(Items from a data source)
┄┄┄┄┄┄
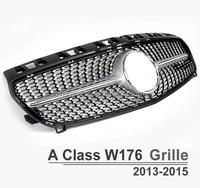 Nouvelles grilles chromées diamantées GT style AMG 2023 pour Mercedes-Benz Classe A W176 C180 2013-2015 – Accessoire de tuning automobile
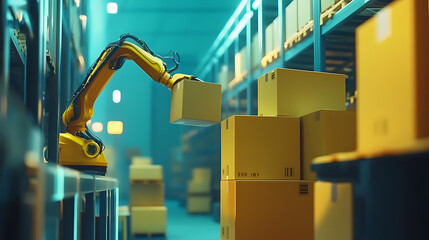 Aufkleber - Work on smart warehouse, robot arm places boxes on pallets, automation logistics on smart stock storage, industry robot with ai on factory floor, technologies business concept
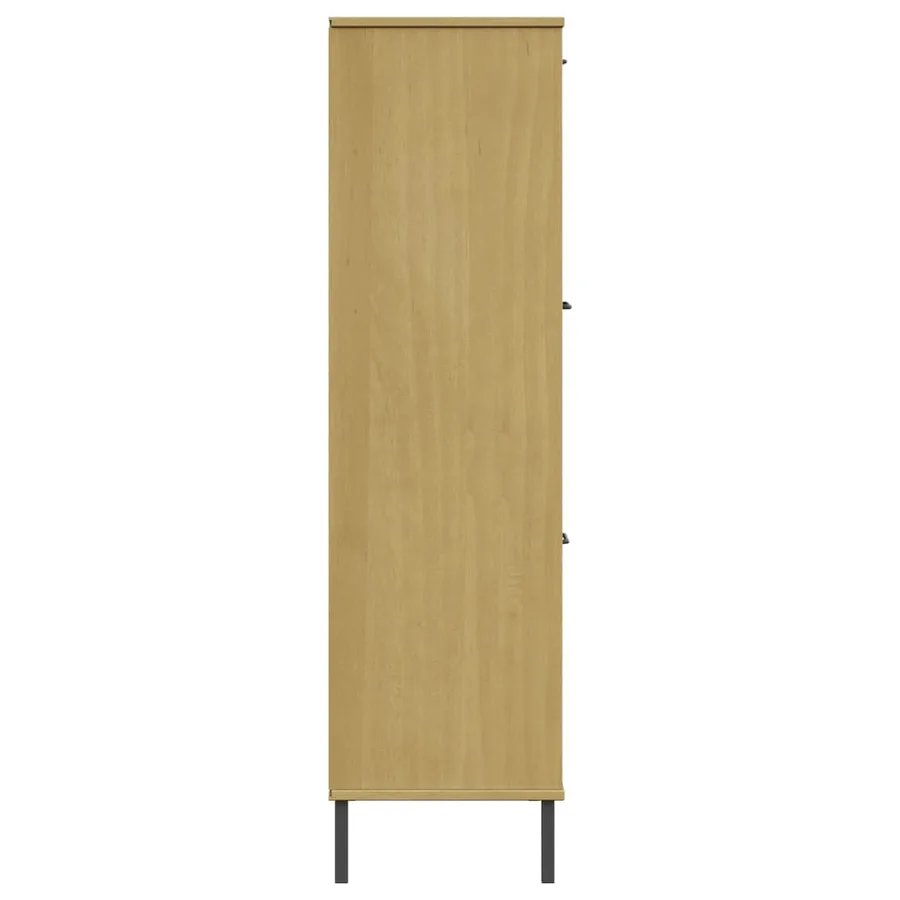 Bibliothèque avec pieds en métal Marron 90x35x128,5cm Bois OSLO - 6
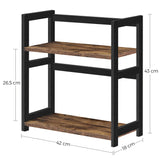 1 x RAW Customer Returns SONGMICS Spice Rack OFS046B01, 2 Tier Storage Rack, Desktop Organizer, Bamboo Frame, for Kitchen, Dining Room, Office, Rustic Brown and Black - RRP €29.99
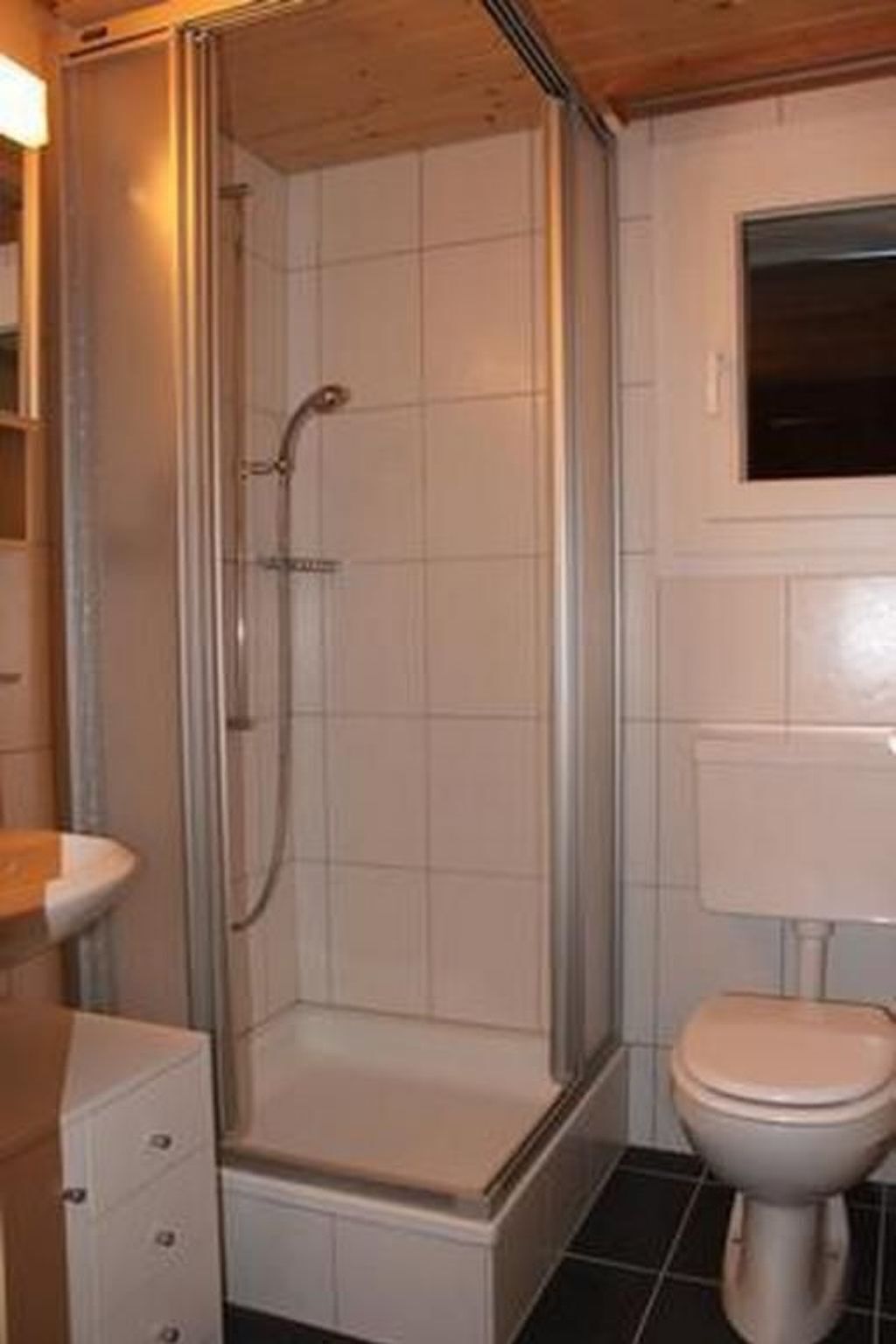 A bathroom with a shower enclosure, a toilet, and a sink.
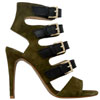 44% Off On Iris Footwear Designer HANNA Khaki Green Buckle Heels 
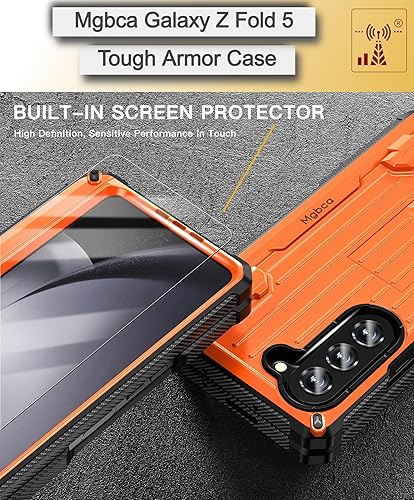 Miniatura 2 de Armor - Funda de lujo para Samsung Galaxy Z Fold 5 a prueba de golpes, funda de doble capa, soporte interior de funda para S Pen, protector de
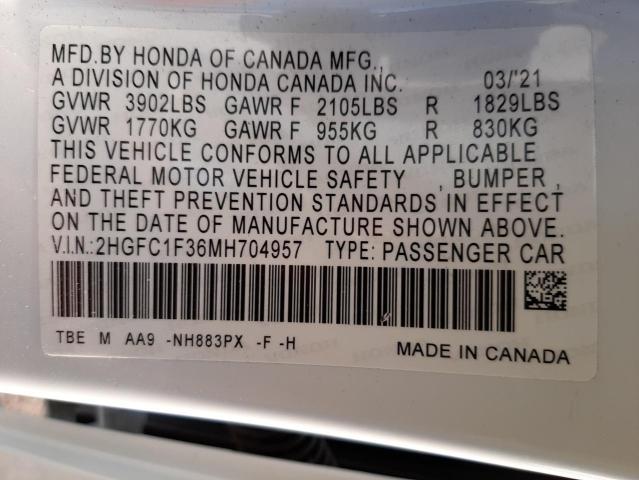 2021 HONDA CIVIC EX - 2HGFC1F36MH704957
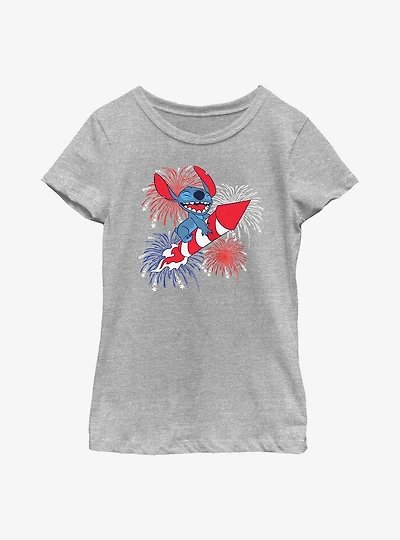 Disney Lilo & Stitch Riding Fireworks Youth Girls T-Shirt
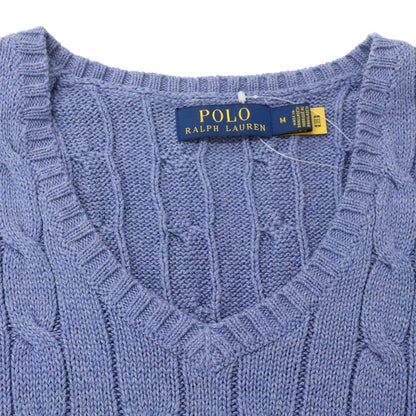 【中古】ポロ ラルフローレン Polo Ralph Lauren コットン ケーブル編み Vネック ニットベスト スマルトブルー【 Ｍ 】【 状態ランクB 】【 メンズ 】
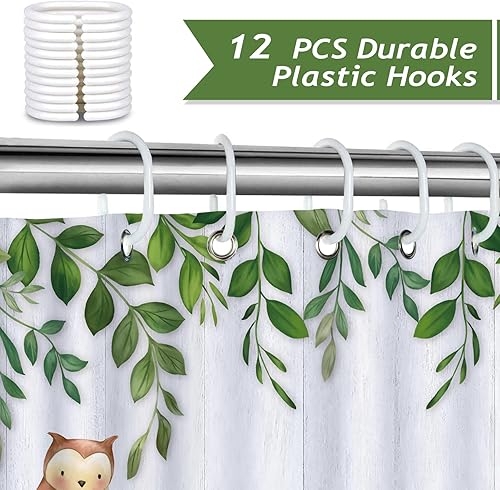 Miniatura 3 de Bonhause Cortina de ducha de animales del bosque para niños, lindo zorro ciervo, oso, mapache, cortina de baño de 72 x 72 pulgadas, cortina de baño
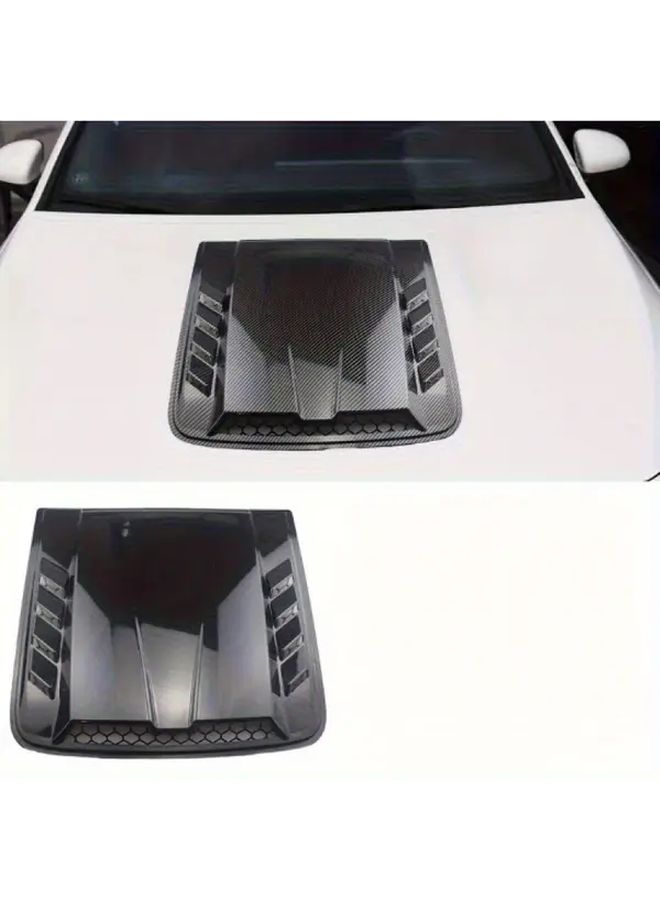 Black Polished Hood Scoop for Most Flat Top Models Front Design Durable Plastic - Image 3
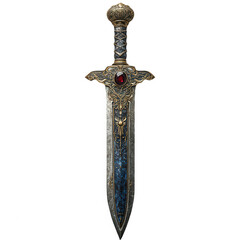 Ornate Fantasy Sword with Gemstone Detail on Transparent Background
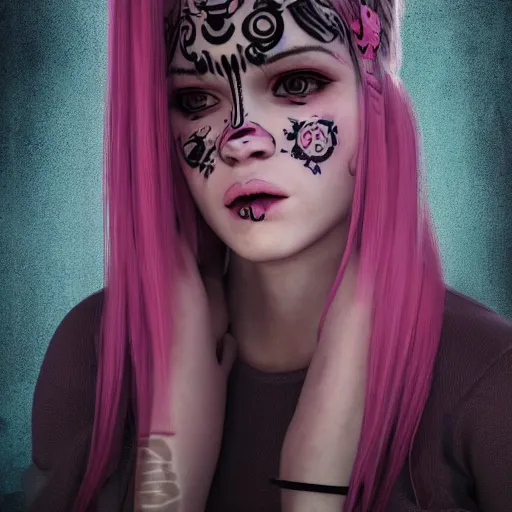 Image similar to An octane 3d render of a girl with pink pigtails, and face tattoos, 8d, HD, hyper detailed, intricate details, photorealistic, dynamic lighting, stunning visuals, creative, trending on art station,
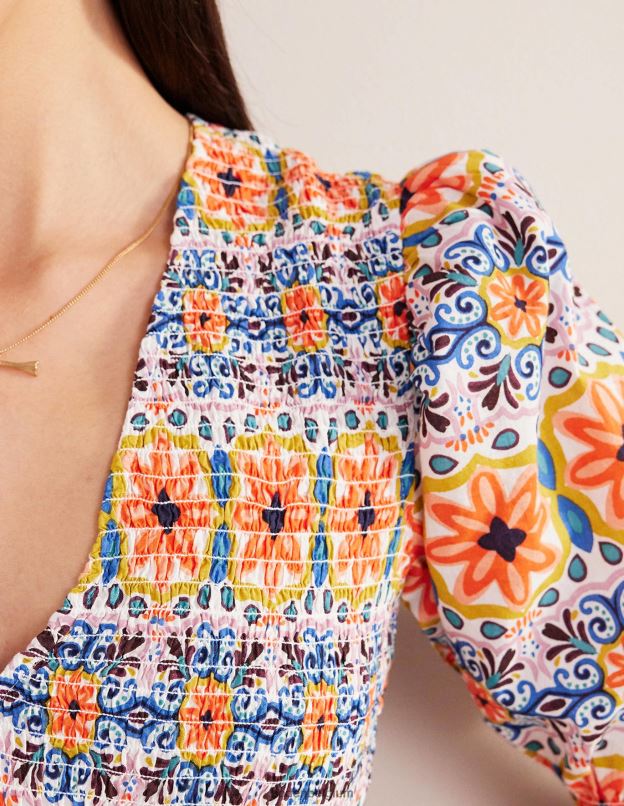 femmes Boden rayure multi et tapisserie robe midi à corsage smocké vêtements Z42D02237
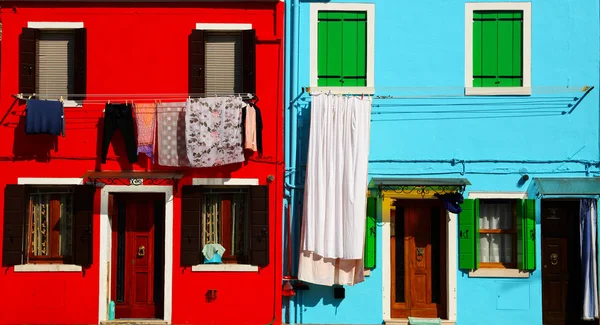 Burano Farbiges Haus Mit Wäscheleinen Venedig Italien — Stockfoto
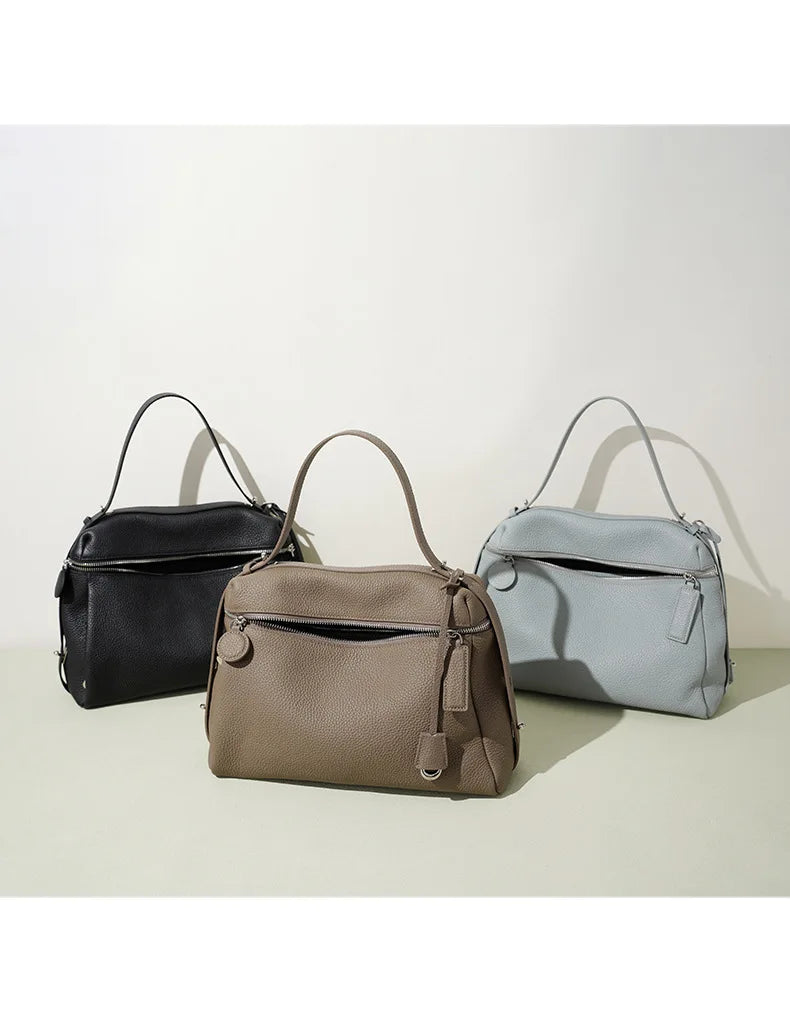 First Layer Cow Leather 33cm Tote Bag Fashionable Women's Bag New Design Large Capacity Soft Portable Shoulder Crossbody Bag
┄┄┄┄┄┄
- EXERCISE BRIEF: Since the pictures are not part of the copy, please transcribe only the lines above from the one with "A bathroom with" through the one with "Miniatura 3 de", exactly and with both ends.

- SOLUTION TO THE EXERCISE:
 A bathroom with a shower enclosure, a toilet, and a sink.
 44% Off On Iris Footwear Designer HANNA Khaki Green Buckle Heels 
 Miniatura 2 de Armor - Funda de lujo para Samsung Galaxy Z Fold 5 a prueba de golpes, funda de doble capa, soporte interior de funda para S Pen, protector de
 2021 HONDA CIVIC EX - 2HGFC1F36MH704957
 Disney Lilo & Stitch Riding Fireworks Youth Girls T-Shirt
 【中古】ポロ ラルフローレン Polo Ralph Lauren コットン ケーブル編み Vネック ニットベスト スマルトブルー【 Ｍ 】【 状態ランクB 】【 メンズ 】
 Miniatura 3 de Bonhause Cortina de ducha de animales del bosque para niños, lindo zorro ciervo, oso, mapache, cortina de baño de 72 x 72 pulgadas, cortina de baño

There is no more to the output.